*** Opening of Information given ***
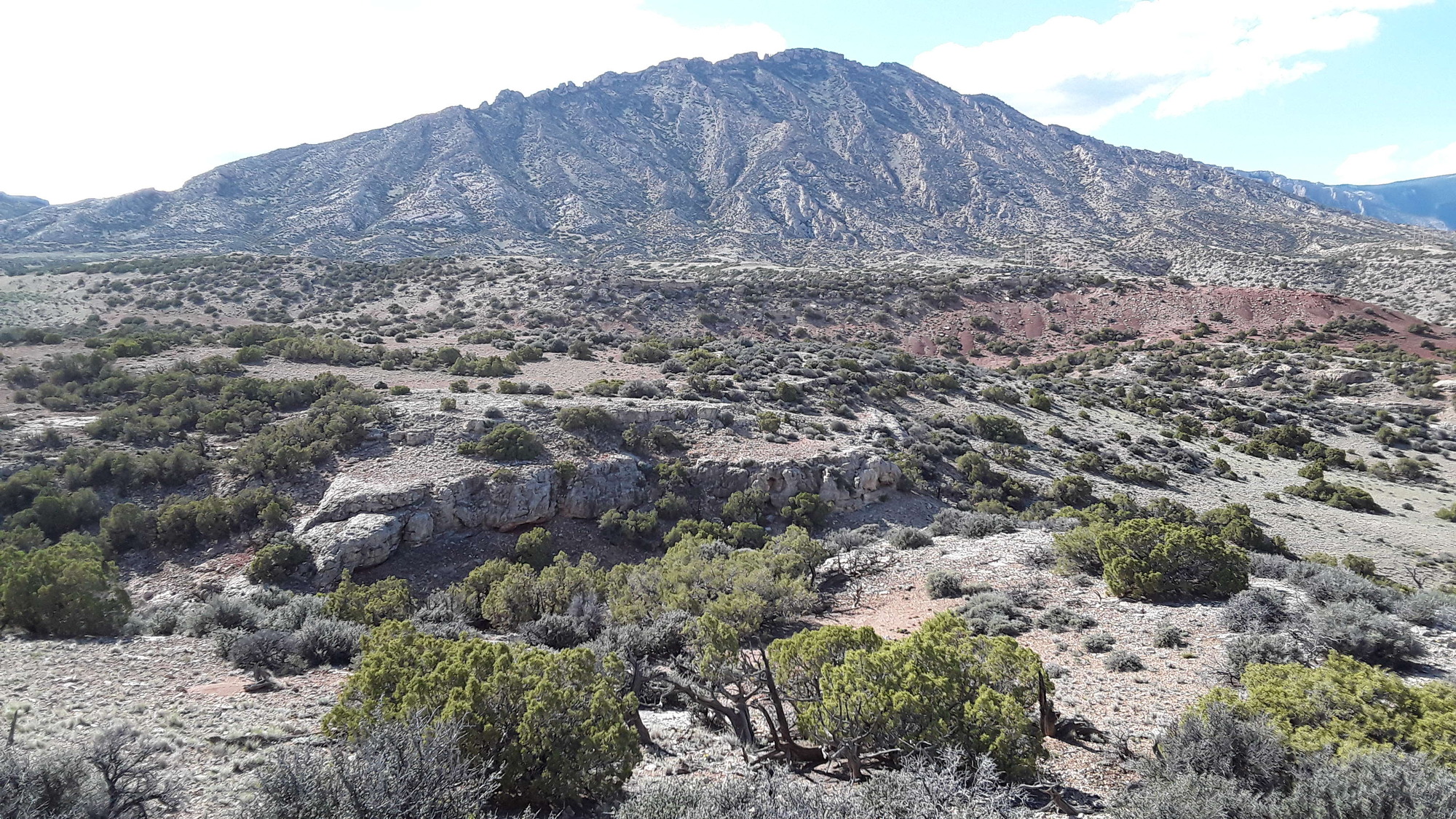 Image of the vegetation and landscape at photo point in Bighorn Canyon NRA 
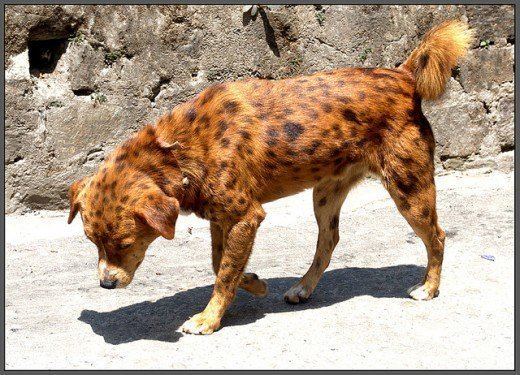 Indian pariah dog 10 Reasons Why Pariah Dog is The Best Option for Elders or Senior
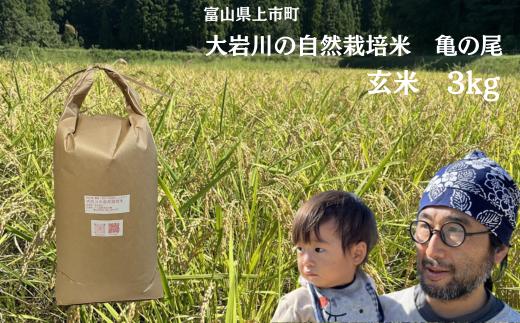 【令和7年産】米 上市町産  大岩川の自然栽培米 亀の尾（玄米）3kg [有吉自然農場] お米 コメ ご飯 ごはん 亀の尾 富山県産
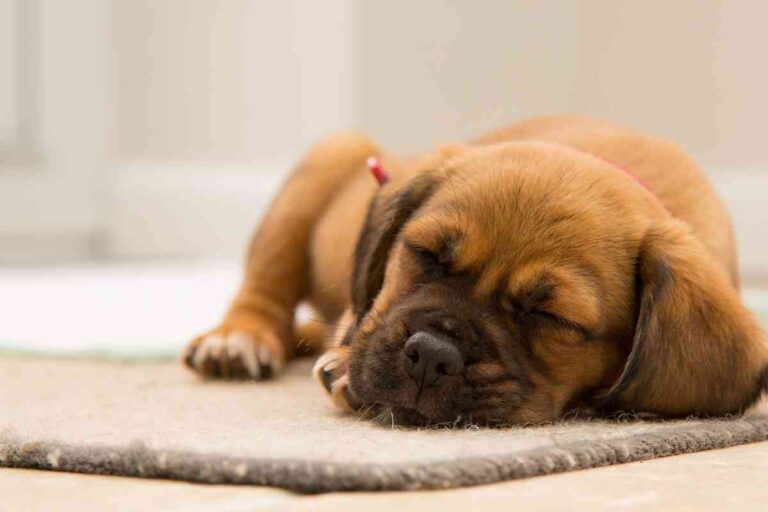 5 Reasons Why Your Puppy Shivers When Falling Asleep And When To Worry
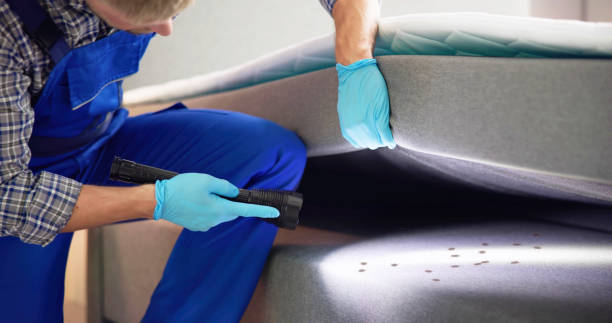Pest Prevention Services in Stanaford, WV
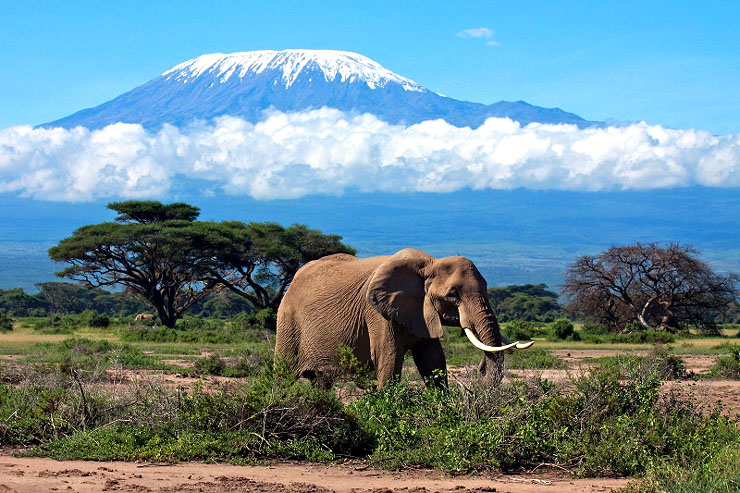 Mount Kilimanjaro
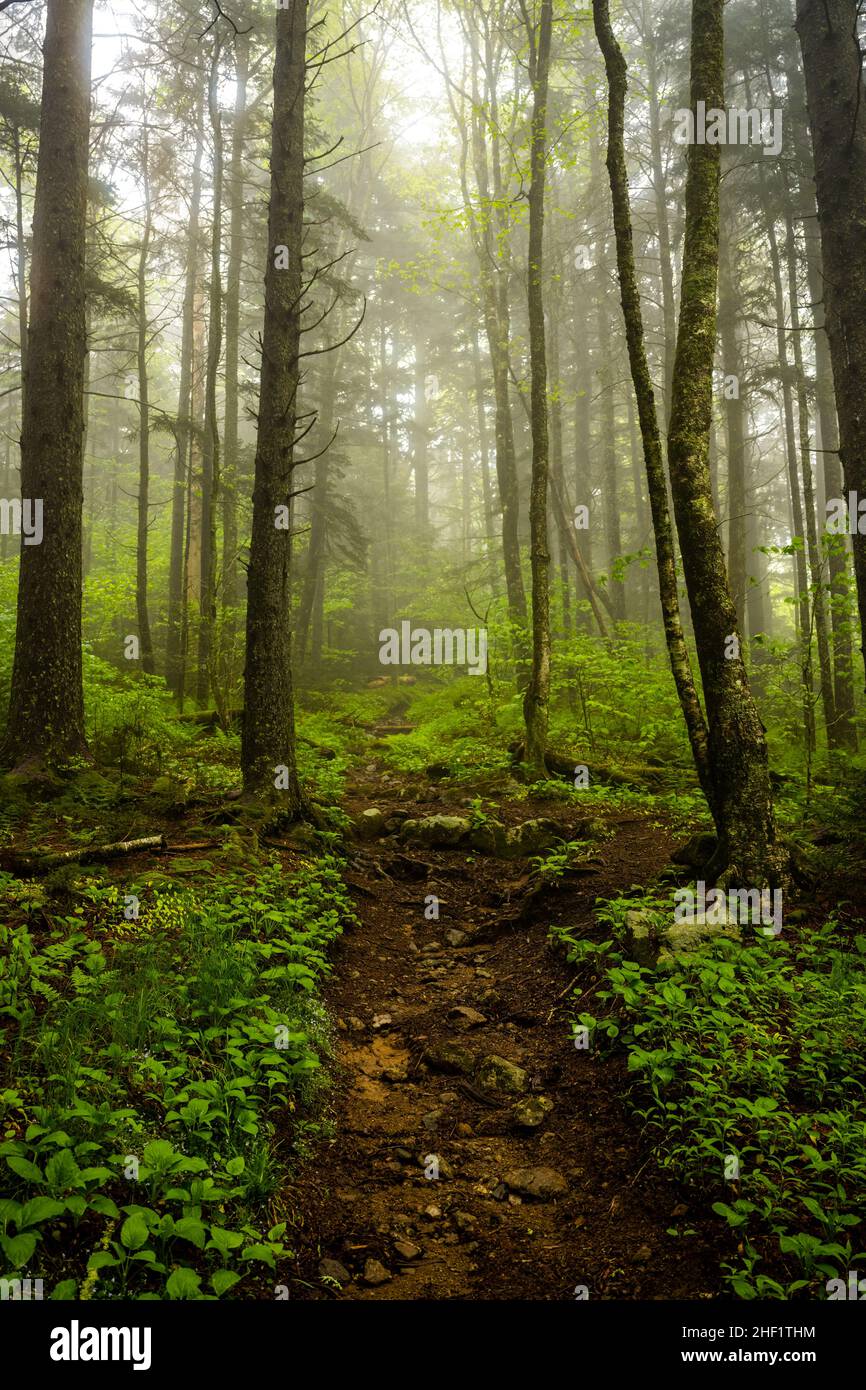 Fog Fills The Forest Along Balsam Mountain Trail in Great Smoky ...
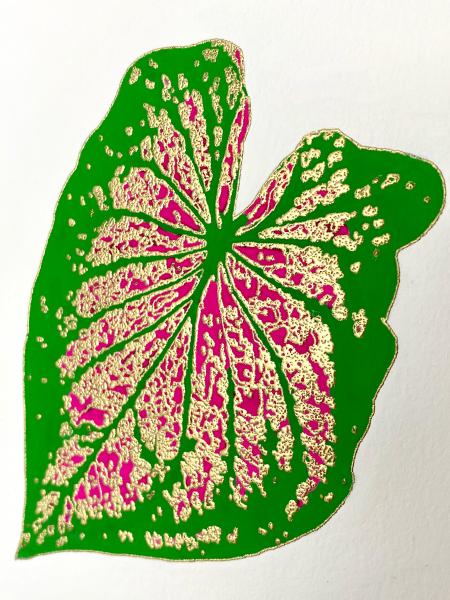 Caladium I picture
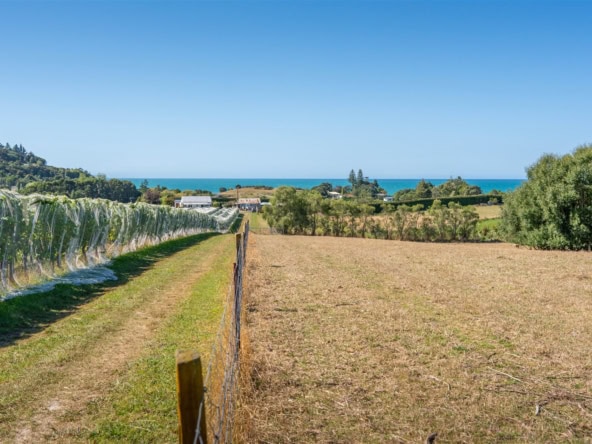 K Real Estate Agency - Motueka | Nelson | Tasman & Golden Bay - 50 Cliff Road - Tasman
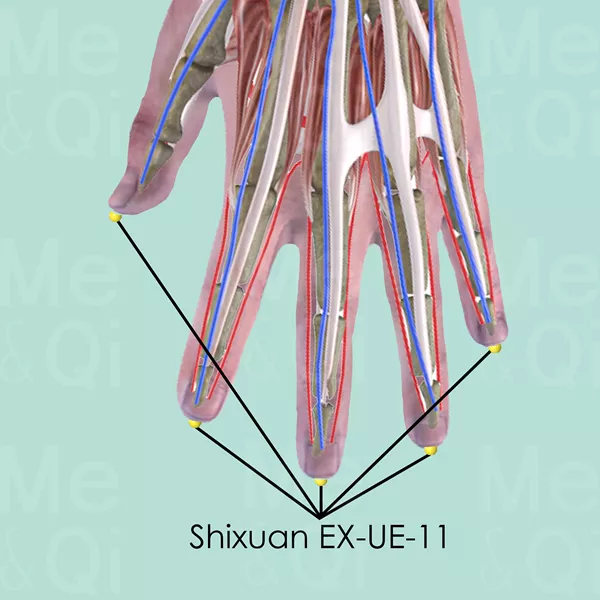 Shixuan EX-UE-11 - Muscles view - Acupuncture point on Extra Points: Upper Extremities (EX-UE)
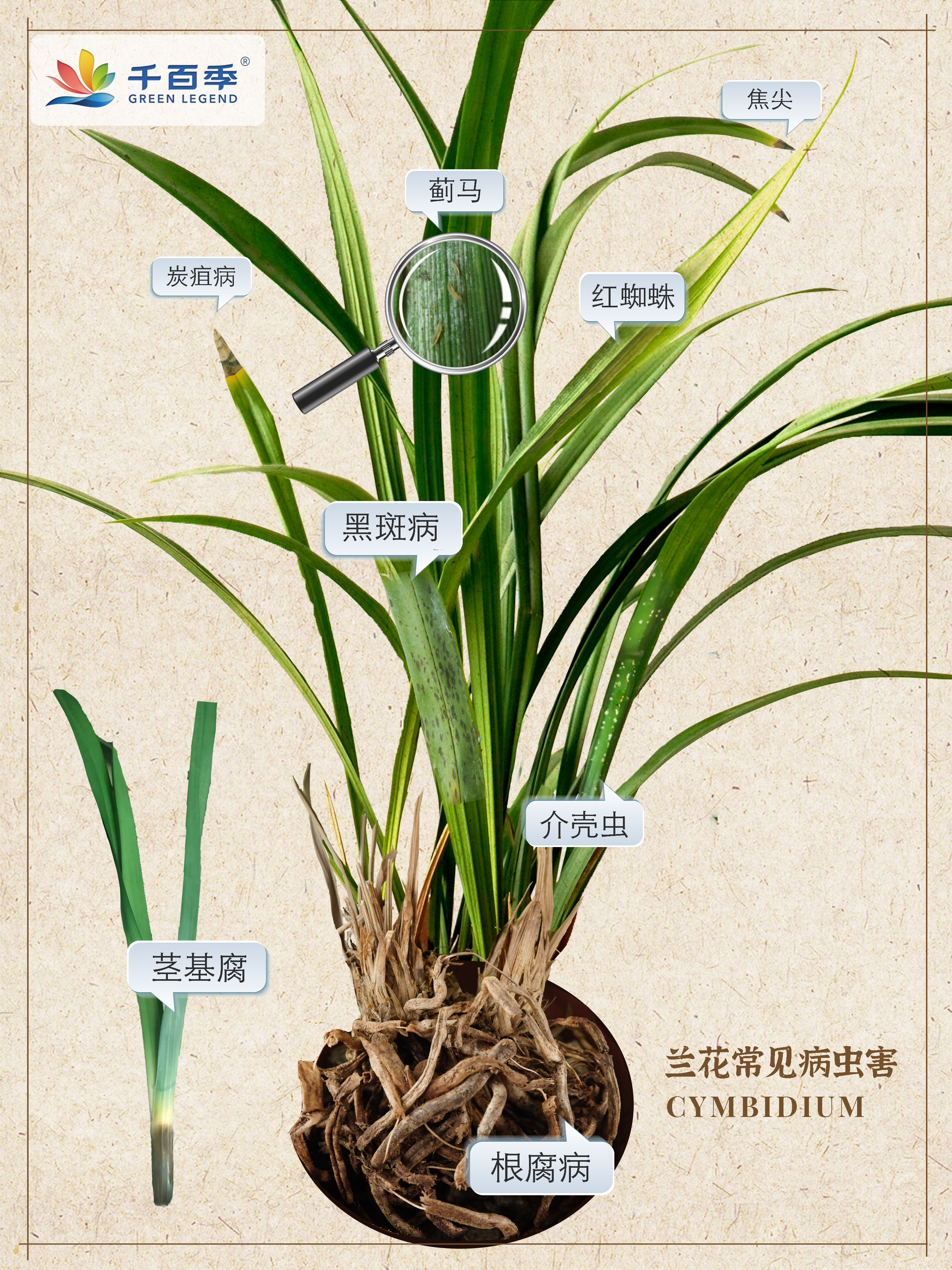 1,炭疽病,黑斑病为真菌性叶部病害,叶子上出现斑点,干枯,影响观赏和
*** Close of Information given ***
Problem statement: Set down all of the material word for word, minus its pictures.

Reply:
 Image of the vegetation and landscape at photo point in Bighorn Canyon NRA 
 Indian pariah dog 10 Reasons Why Pariah Dog is The Best Option for Elders or Senior
 【令和7年産】米 上市町産  大岩川の自然栽培米 亀の尾（玄米）3kg [有吉自然農場] お米 コメ ご飯 ごはん 亀の尾 富山県産
 5 Reasons Why Your Puppy Shivers When Falling Asleep And When To Worry
Pest Prevention Services in Stanaford, WV
 Mount Kilimanjaro
 Fog Fills The Forest Along Balsam Mountain Trail in Great Smoky ...
 Caladium I picture
 K Real Estate Agency - Motueka | Nelson | Tasman & Golden Bay - 50 Cliff Road - Tasman
 Shixuan EX-UE-11 - Muscles view - Acupuncture point on Extra Points: Upper Extremities (EX-UE)
 1,炭疽病,黑斑病为真菌性叶部病害,叶子上出现斑点,干枯,影响观赏和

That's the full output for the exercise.